In the photoelectron spectra, the relative intensity of the σ participator states as compared to the π counterparts increases with photon energy. This is readily explained by the different photoelectron cross sections of the 2s and 2p atomic orbitals on the atoms in the molecule and their contributions to the respective orbitals.^78,79 Without going into details, we mention that the minimal basis expansion of the molecular orbitals (Table 1) provide a simple access to the populations of the atomic orbitals. The same coefficients provide also a straightforward explanation of the intensity patterns observed for the participator states. While the participator states are not well resolved from the intense spectator structures in the C 1s-3π resonant Auger electron spectra, we can state that for both spectra, the 2π signal is stronger than the 1π one and an opposite intensity ratio is found for the N 1s-3π decay. According to the considerations given above, these intensities should be proportional to the square of the 2p_π coefficients of the respective molecular orbital at the core hole atom. For the C and N atom this ratio (c_2pπ,2π/c_2pπ,1π)² amounts to 5.0 and 0.19, respectively, which is a good estimate for the intensity ratio of the 2π and 1π signals in the carbon and nitrogen resonant Auger electron spectra. For the nitrogen spectra the 7σ feature is well observed, while the 6σ one cannot be detected in the experimental spectra and its intensity is predicted to be negligible (0.006 meV) as compared to the other transitions.
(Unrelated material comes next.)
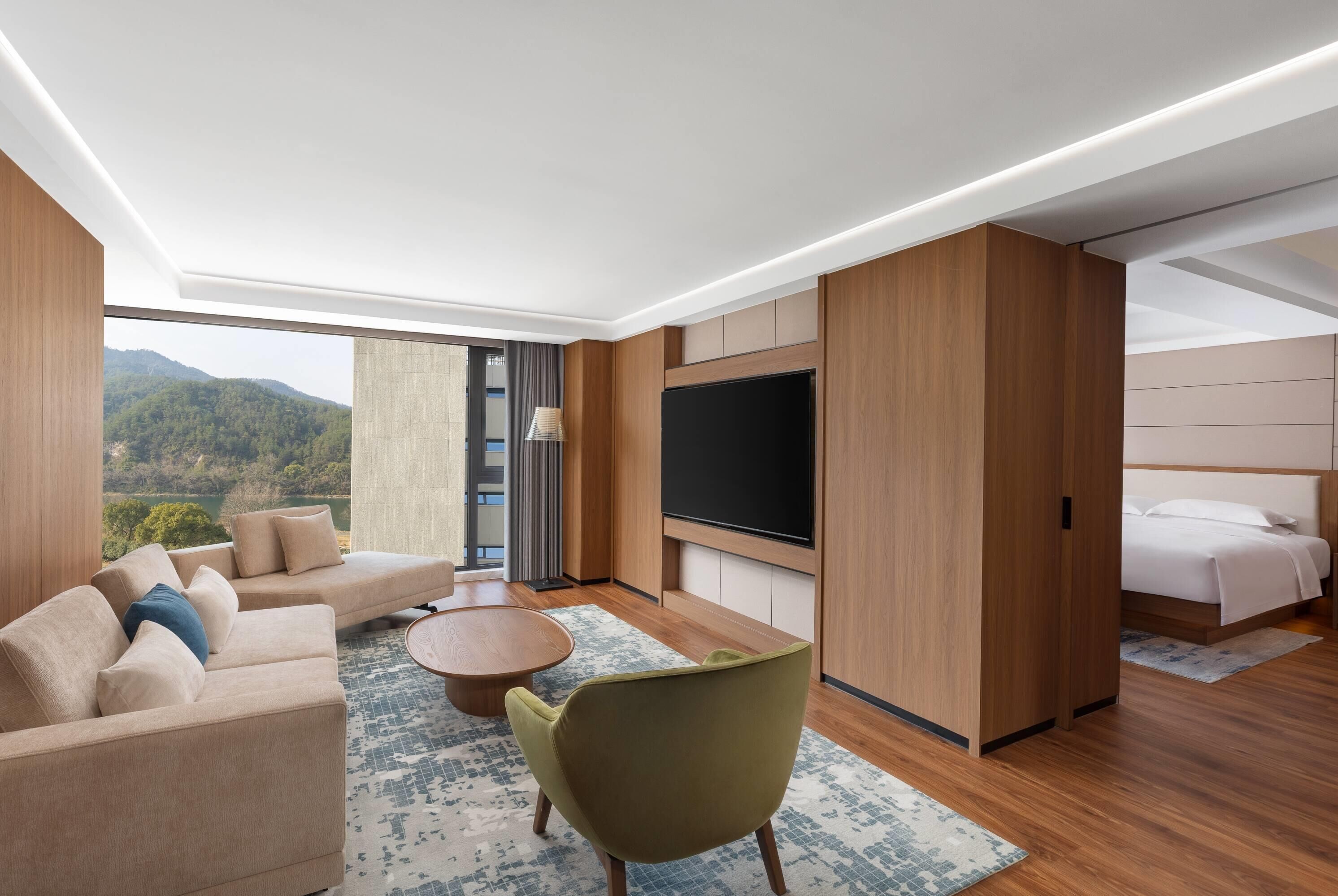 A modern hotel room with a large window, a flat-screen TV, a sofa, a chair, and a bed.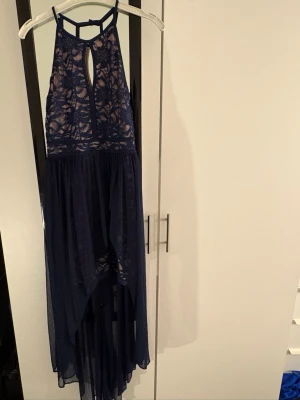 Marinblå långklänning med spets - Säljer en marinblå långklänning med spetsdetaljer och transparent mesh upptill. Klänningen har ett snyggt nyckelhålsformat urtag fram och bak, samt tunna axelband och ett flowigt, asymmetriskt kjolparti. OBS! Finns ingen tydlig storlek men passar från XS-S.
As expected, the resonant Auger electron spectra show spectator features strongly resembling the signals observed in the normal Auger decay for the same core hole. However, details are less pronounced in the resonant spectra than in the nonresonant ones. For example the RAES-features at about 22–28 eV labelled 2 and 3 are hardly resolved in the experimental spectra, while distinct features can be observed in the corresponding AES-spectra at 37 and 40 eV. A similar behaviour is found for features 4 and 5. We note that broadening of spectator features was already recognized by Carol and Thomas in O1s Auger spectra of CO, CO₂, and OCS.⁸⁰

The broader shape of the RAES is due to an additional splitting of several final states by the spectator electron in the 3π orbital. In the following, we discuss and explain this point for feature 1: in the AES it is due to transitions into the ¹Δ and ¹Σ⁺ states with (2π⁻²) occupation and vertical binding energies of 31.54 and 31.89 eV. Additionally, the ³Σ⁻ ground state of the dication has the same occupation. Coupling the spectator electron in the 3π orbital to these states leads to the configurations that represent the final states of the RAES. In particular, the ¹Δ(2π⁻²) AES-state gives rise to a ²Φ and a ²Π configuration in the RAES, the ³Σ⁻ state splits into a ⁴Π and a ²Π, while coupling an electron in the 3π orbital to the ¹Σ⁺ AES-state generates only a single ²Π configuration. Thus, the (2π⁻²3π) occupation gives rise to one ⁴Π, one ²Φ and three ²Π configurations. While the Auger transition to the quartet state out of the singlet core-excited state is spin forbidden, the ²Π states couple via the Hamiltonian and give rise to three final states in the RAES with calculated vertical binding energies of 17.91, 19.12, and 22.89 eV. The ²Φ state is obtained at 18.48 eV. In the AES the (2π⁻²) states give rise to two final states at a vertical binding energy of 31.54 and 31.89 eV. Thus, coupling of the “spectating” electron to the AES final states divides intensity found in a very narrow energy range in the AES to features spread over a much larger range in the corresponding RAES spectra.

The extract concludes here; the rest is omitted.